As the Palo Alto Weekly-sponsored race celebrates its 29th year on Sept. 20, runners will jaunt around the Palo Alto Baylands by night, just as they have in years past, racing either the 5-kilometer or a 10-kilometer course.
Mina Raczkowski, a personal trainer at Form Fitness in downtown Palo Alto and an avid runner, said that what may most likely throw runners off about a nighttime run is what they eat before the race.
She recommends against the traditional carbo-loading the night or day before the race. And a big, heavy meal with lots of fat consumed during race day may leave runners feeling drowsy — or worse, it could lead to problems during the race like cramping, she said.
To Angie DeGeronimo, founder of NoXcuses Fitness in Midtown Palo Alto, the perfect pre-race meal is something that's easily digestible that also maintains blood sugar over time. She likes to go with whole-grain bread, fruit and a handful of almonds an hour-and-a-half before a race.
Whatever racers eat, Raczkowski recommends not varying one's normal eating schedule too much in preparation for the race.
"See what works for you," she said. "Try out the meal that you want to eat on race-day a few days before to make sure you don't cramp up during the race."
The Moonlight Run will be held Friday, Sept. 20, but DeGeronimo said that racers who are worn out from a grueling week at work or a long day at the office should resist the urge to drink coffee to try to get some pep back in their step. It's best to stick to water.
"Even if you're really tired, the last thing you should do is drink coffee," she said. "You should go the opposite way — overhydrate and boost your Vitamin C and antioxidant intake two days prior to the race, knowing that the end of the week is more tiring.
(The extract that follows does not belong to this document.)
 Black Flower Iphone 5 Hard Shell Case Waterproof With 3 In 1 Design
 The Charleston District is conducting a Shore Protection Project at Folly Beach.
I know people go for a caffeine edge in the race, but then they get on my mat, and I can't move their hamstring."
Though Palo Alto is renowned for its mild climate, sometimes the weather can be fickle. Racers at the 2011 Moonlight Run were greeted with claps of thunder, flashes of lightning and a briefly torrential downpour midway through the race. While racers shouldn't expect any such freak occurrences, it might be smart to plan for the comparative cool of an evening race.
DeGeronimo noted that today's running attire is designed to keep runners cool by wicking away moisture and advised runners to avoid that kind of clothing, if possible. Though many runners will probably overheat in a windbreaker or jacket, light running gear that keeps the athlete warm during the cool night race would be ideal, she said.
Staying warm during the race could help runners avoid a case of the sniffles, but more importantly, both trainers said, approaching a race with warmed-up muscles is the best way to avoid injuries during a run.
Raczkowski likes to do moving, dynamic warm-up stretching exercises — not the traditional static stretch-and-hold variety — before a race to get blood into her muscles and loosen them at the same time. Examples are butt-kickers, high-knees and "Frankenstein kicks," in which runners walk while kicking the outstretched palms of their hands.
At the Moonlight Run, DeGeronimo will lead the pre-race warm-up, incorporating dynamic stretching followed by static stretching, but she said runners should use a foam roller on their muscles at home even before the warm-up session. They can even get their blood flowing with a hot shower.
Just like any race, the Moonlight Run can be as serious as the runner makes it. For most runners (and especially walkers), it represents a great opportunity to have fun bounding along the marshy trails by the light of the moon — with or without dramatic flashes of lightning.
What:The 29th Annual Moonlight Run, sponsored by the Palo Alto Weekly and City of Palo Alto
When:Friday, Sept. 20, 7-10 p.m. under the full Harvest moon. (Race-night registration tables open at 6 p.m. 5k walk starts at 7 p.m., 10k run starts at 8:15 p.m. and 5k run starts at 8:45 p.m.)
Where:Baylands Athletic Center at 1900 Geng Road (at Embarcadero Road), Palo Alto.
Registration and entry fee:
Adult (13+)registration fee is $30 per entrant by Sept. 13. Includes a long-sleeved t-shirt.
Youth (6-12) registration is $20 per entrant by Sept. 13. Includes a long-sleeved T-shirt.
Youth (5 and under) run free with an adult but must be registered through Eventbrite with signed parental guardian waiver, or may bring/fill out a signed waiver to race-night registration.
Late registration fee is $35 for adults, $25 for youth from Sept. 14-18. T-shirts available only while supplies last.
Race-night registration fee is $40 for adult; $30 for youth from 6 to 8 p.m. T-shirts available only while supplies last.
Refunds will not be issued for no-shows, and T-shirts will not be held.